Battle Picture WeeklyWorld War IICarlos Ezquerra
Deathsquad
Medium: comic
Year: 1980
Country: UK
Keywords: Battle Picture Weekly, World War II
Writer: Alan Hebden
Artist: Eric Bradbury, Carlos Ezquerra
Format: 121 pages
Website category: Comics UK
Review date: 19 June 2023
death squad
It's a British children's comic strip from Battle Picture Weekly, where the heroes are WW2 German soldiers. They even end up fighting British commandos. This might sound surprising, but Battle, Warlord, etc. did occasionally run "German strips", e.g. Hellman, Panzer G-Man and Fighter From The Sky.
It's also very good. The first few weekly episodes are throwaway, but the storyline soon gets going.
Our heroes are in a Wehrmacht punishment squad on the Eastern Front. (See also Sven Hassel's novels.) These were real. The Nazis used to collect useless no-hopers and troublemakers into units like this and throw them mercilessly into the most brutal conflicts. Ironically, the survivors often ended up being some of the Nazis' toughest fighters. This is such a group. It contains five men: Grandad (fought in WW1), Swede (big, dumb, Swedish, likes axes), Licker (the group's only hardcore fanatical Nazi, also a liability and an idiot), Gus and Frankie (a pair of thieving criminals).
Firstly, they're in Russia, so it's Nazis vs. Soviets. Who would you prefer to have hating you: the SS or the NKVD? The strip knows exactly what complete and utter bastards both sides could be, so you'll quite often have our anti-heroes going up against their own superior officers. Grandad is capable of shooting one of his own officers and then letting a Russian partisan go free. One storyline creates open war between the Wehrmacht and the SS. This is pretty terrifying. Just when you think things have gone all the way to hell, shit gets worse. Also, Russian winters are unspeakable. If you touch metal without wearing gloves, your skin will freeze to it.
At one point, our heroes are out of bullets and one man could have strolled in and killed them all... but the enemy don't know that. Sometimes, war is bluff.
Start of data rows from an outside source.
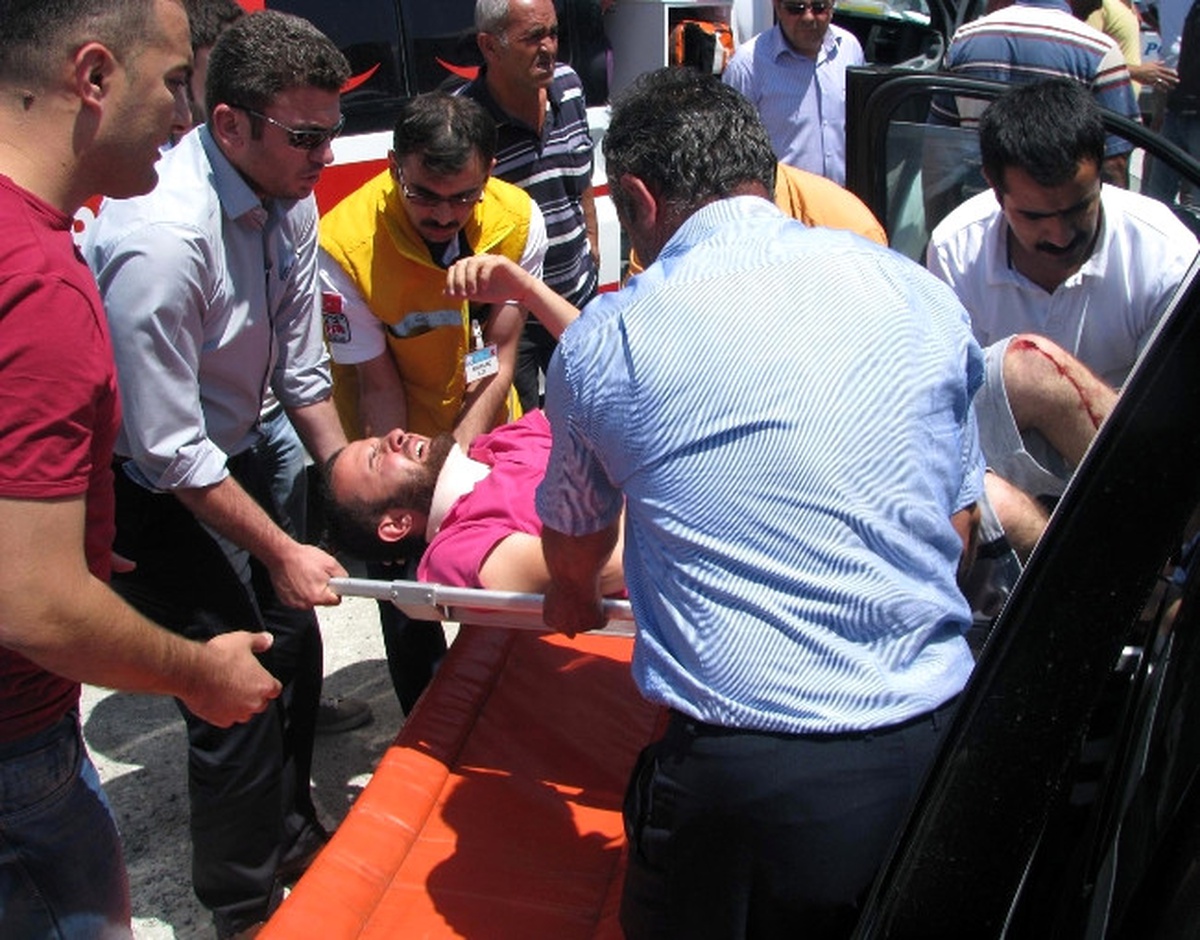 Yozgat\'ta Otomobil Kamyonete Çarptı: 4 Yaralı
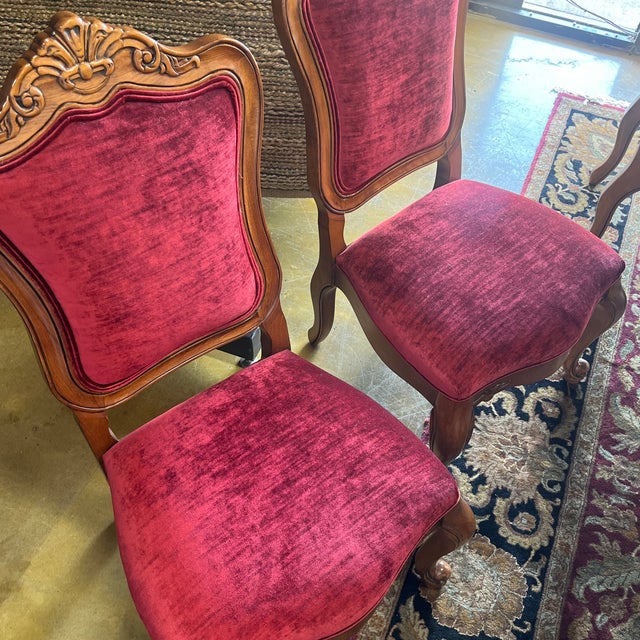 Ethan Allen Dining Table, 8 Chairs, 2 Leaves For Sale - Image 11 of 11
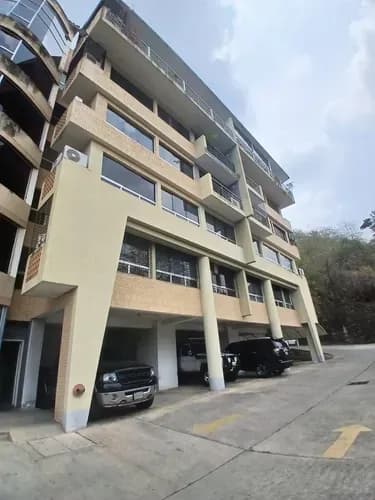 Apartamento En Venta En Urb, Mañongo, Conjunto Residencial Santa Teresita, I Etapa, Piso Bajo, 83,48m2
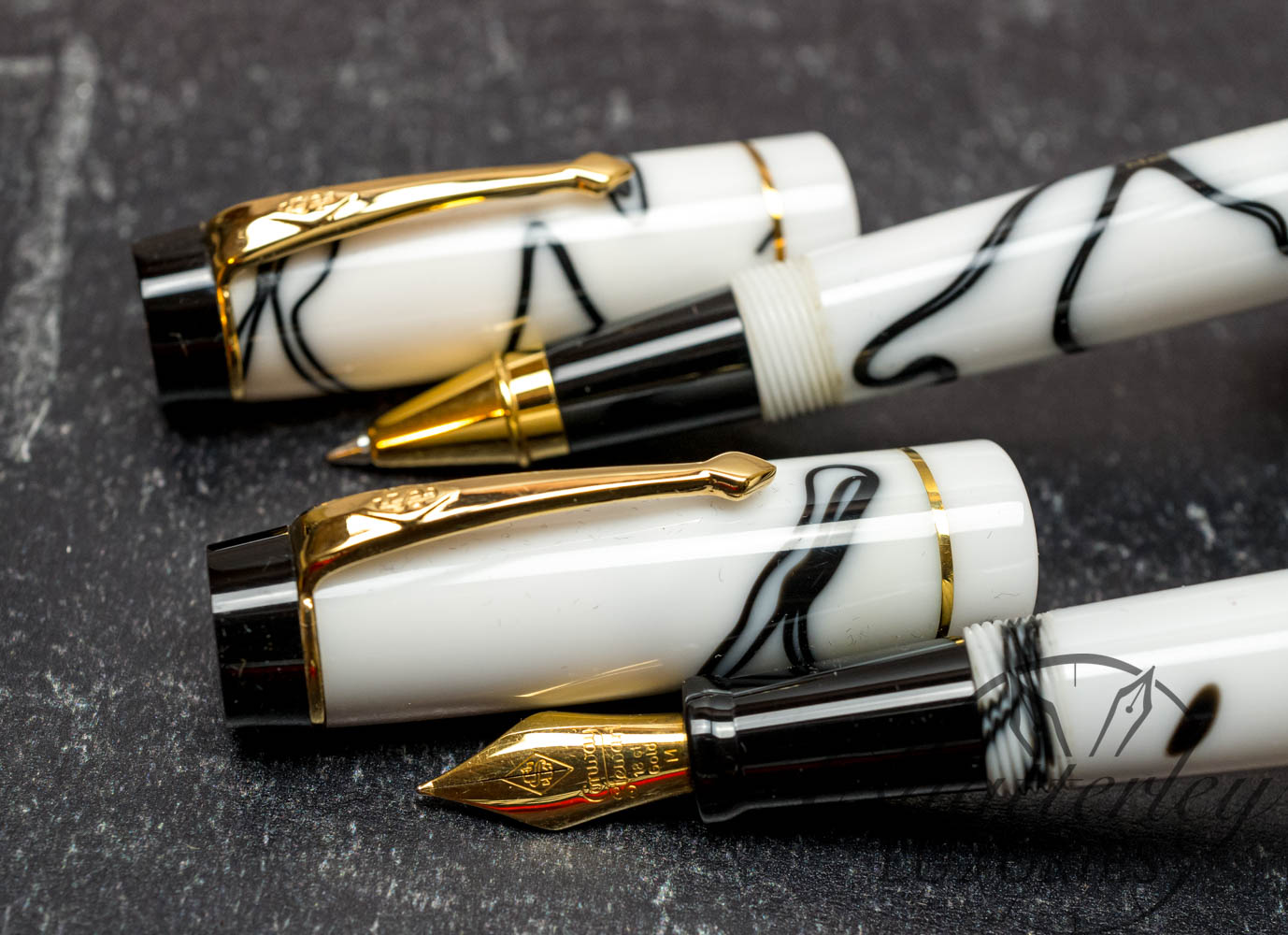 Conway Stewart Coronet Marble Ice Limited Edition Pen Set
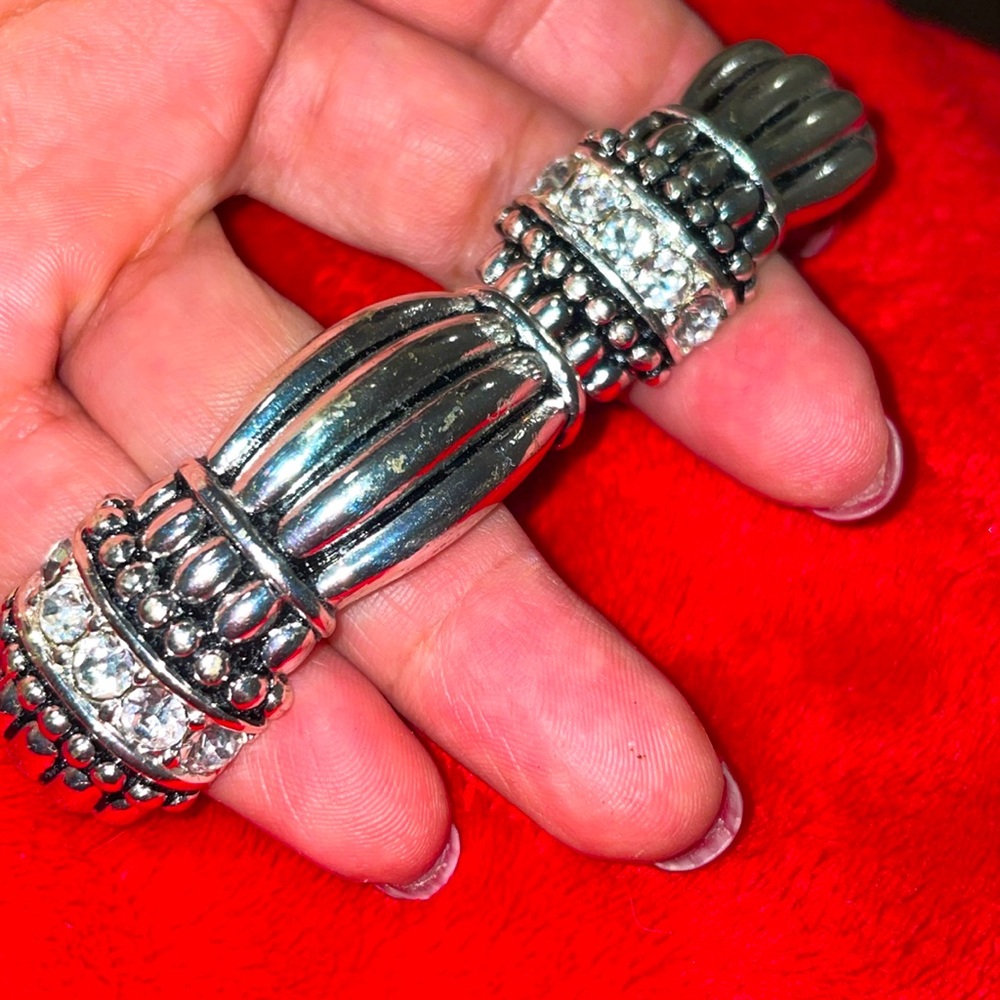 Beautiful Stretch Chunky Jeweled Statement Bracelet Silvertone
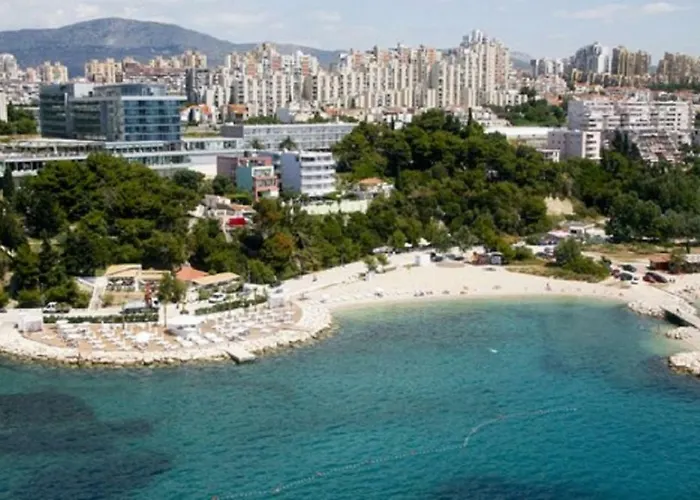 Milana - Cozy With Free Parking * Split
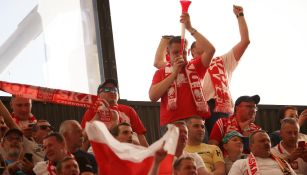 Aficionados de Polonia durante partido vs Países Bajos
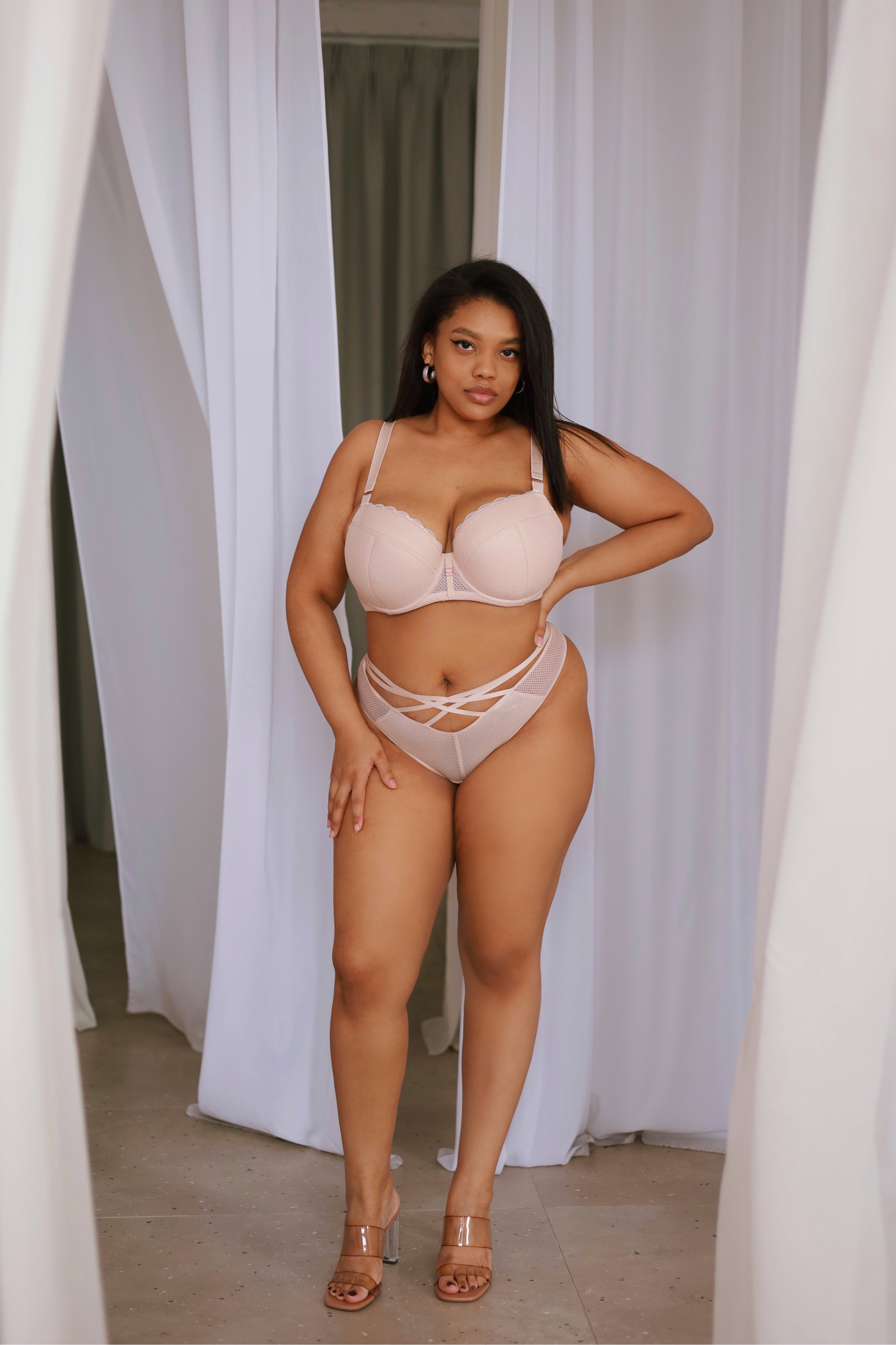Alles трусики-стринги Chita Stringi Beige, Бежевый*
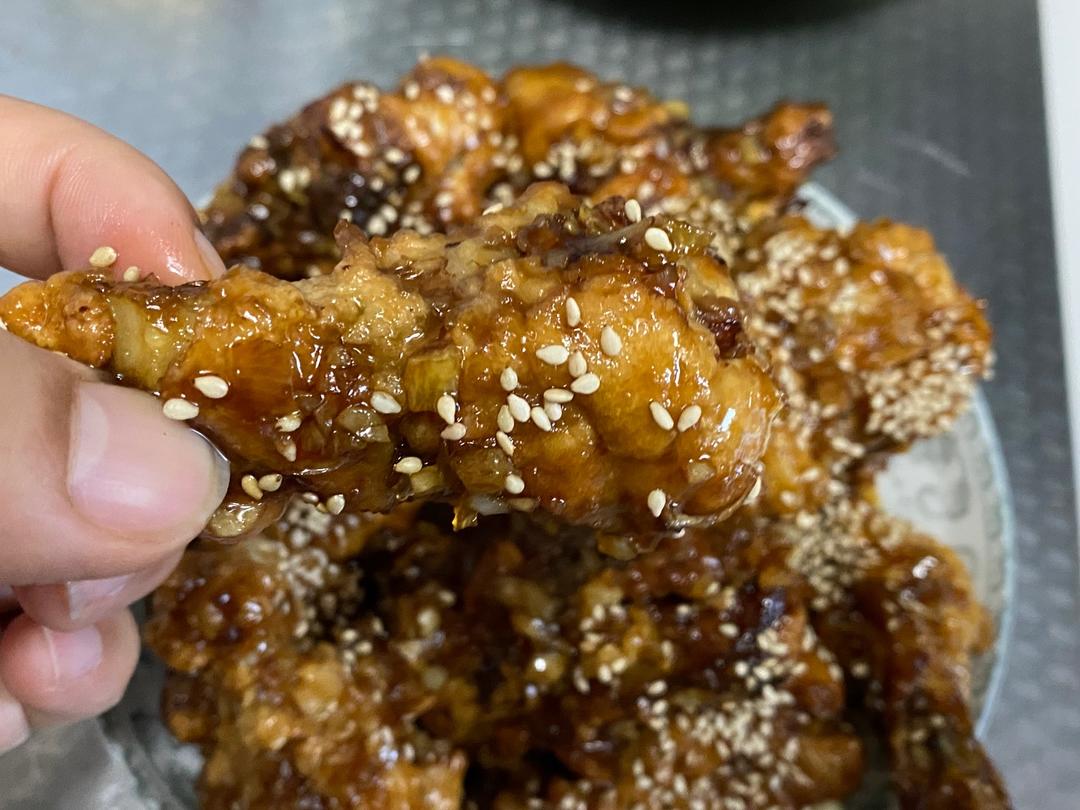 黄油蜂蜜蒜香鸡翅根的做法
Eric Bradbury's art is intense and a little disorientating. I don't think his visual storytelling is always the clearest. His pages can feel a little impressionistic, but he's strong both at intense character acting and at military detail. (He reminds me a little of Mick Austin.) Carlos Ezquerra only did one story, for a Battle Annual.
It feels harsher than you'd have got from more conventional heroes. Officers are capable of ordering Deathsquad to shoot one of their friends at dawn. What's more, they'll do it. If they don't make up the firing squad, someone else will. BLAM. There's often little morality to be seen, with a lot of evil vs. evil. Atrocities are ordered and graphically committed. One of our heroes gets tortured so badly that his friends assume they'll just have to kill him. (They don't, but he's stuck in a wheelchair.) Deathsquad are less depraved than their superior officers (and they love taking the piss out of Licker), but they're still fairly unconcerned about who they stick their commando knives in. They also don't have the tough-guy immunity one tends to expect from heroes, with for instance those British commandos beating the crap out of them.
It's also capable of being clever, though, e.g. our heroes' way of sabotaging those Russian tanks.
"This was originally intended to be the start of a 5 or 6-part story," said Hebden, "but it took on a life of its own and turned into a 21-part 'Death Squad' saga." These are weekly three-page episodes in a children's comic, but they're not limited by that format. They soon get ambitious and start telling quite big, complicated stories. They're clever and even sometimes witty. Definitely worth a look.